Exercise prompt:
Without the pictures, give the entries below again exactly as written.

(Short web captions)

%%

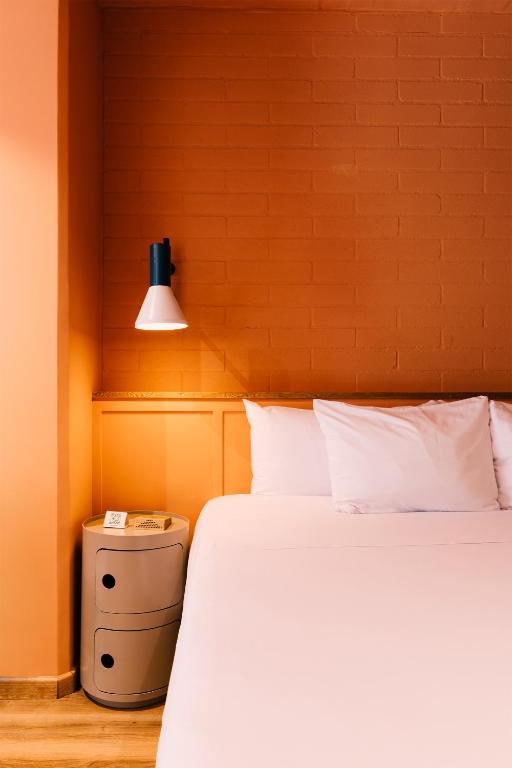 Postel nebo postele na pokoji v ubytování The Somos Bold Hotel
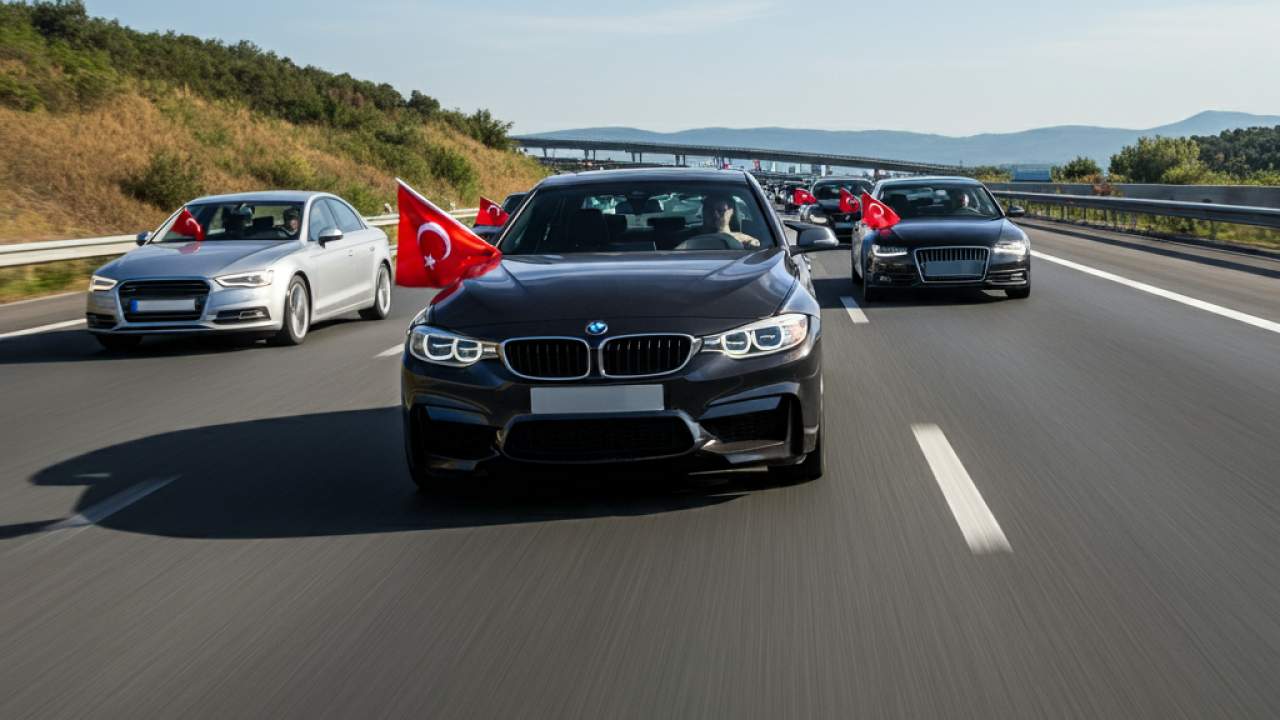 Köln polisi A4 trafiğini felç eden düğün konvoyunu durdurdu, araçlara el kondu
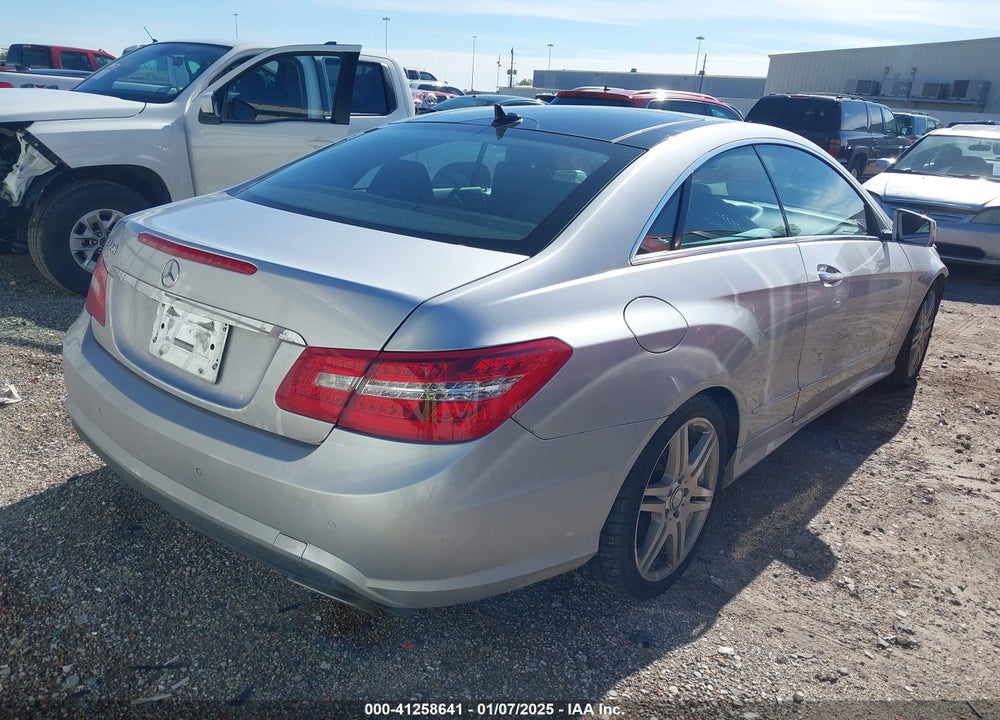 2010 MERCEDES-BENZ E 550 VIN: WDDKJ7CB7AF062771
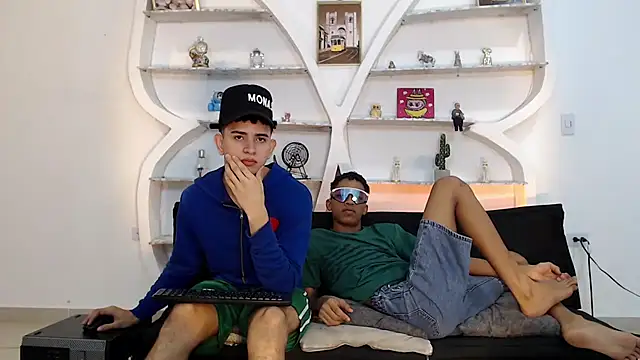 Snapshot of KING_OFF_BOYS chatting on December 4, 1:20 pm KING OFF BOYS online show from December 4, 1:20 pm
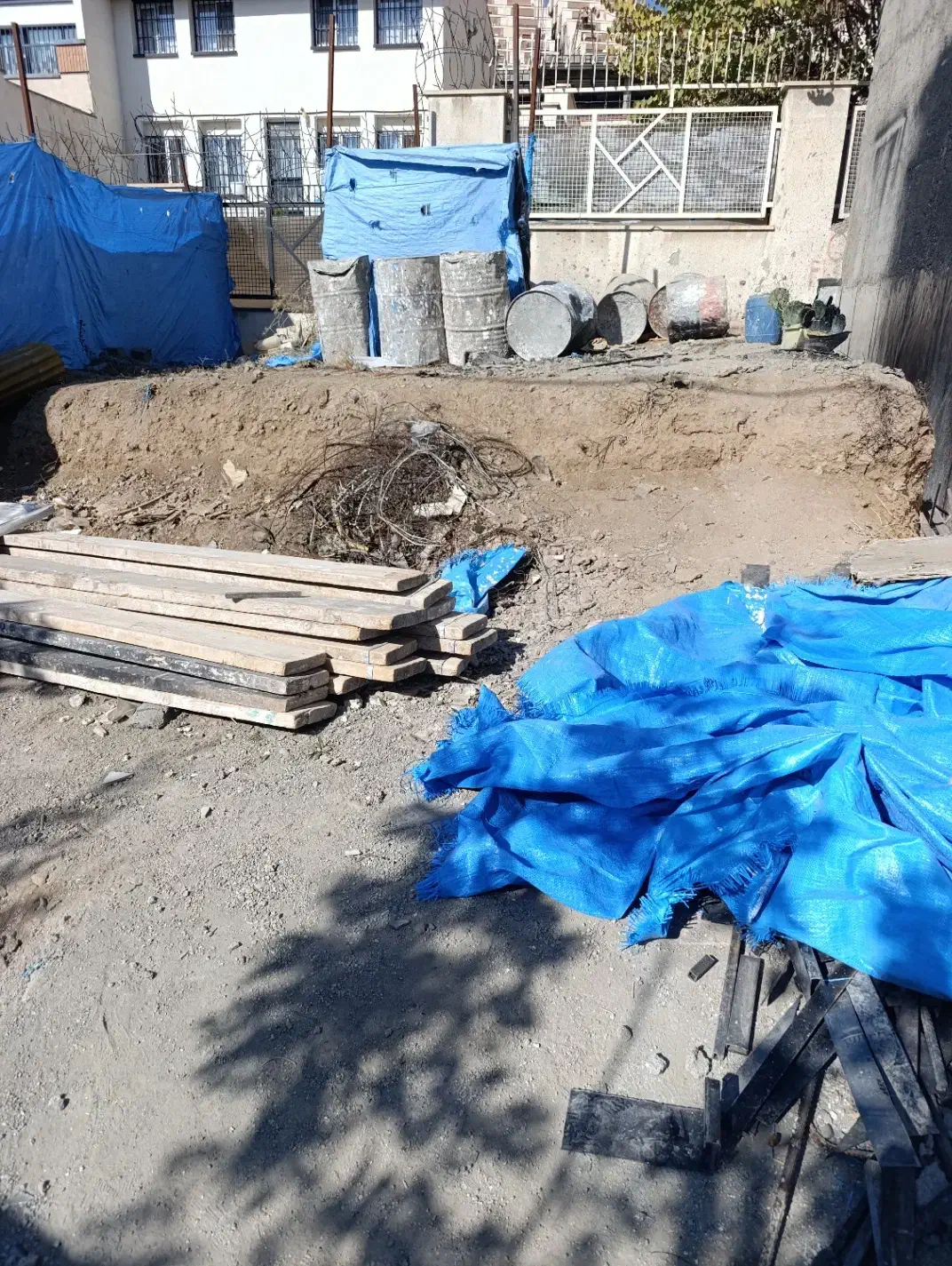 تخته و بشکه|مصالح و تجهیزات ساختمان|پردیس, فاز ۲|دیوار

%%

Finished task:
 Postel nebo postele na pokoji v ubytování The Somos Bold Hotel
 Köln polisi A4 trafiğini felç eden düğün konvoyunu durdurdu, araçlara el kondu
 2010 MERCEDES-BENZ E 550 VIN: WDDKJ7CB7AF062771
 Snapshot of KING_OFF_BOYS chatting on December 4, 1:20 pm KING OFF BOYS online show from December 4, 1:20 pm
 تخته و بشکه|مصالح و تجهیزات ساختمان|پردیس, فاز ۲|دیوار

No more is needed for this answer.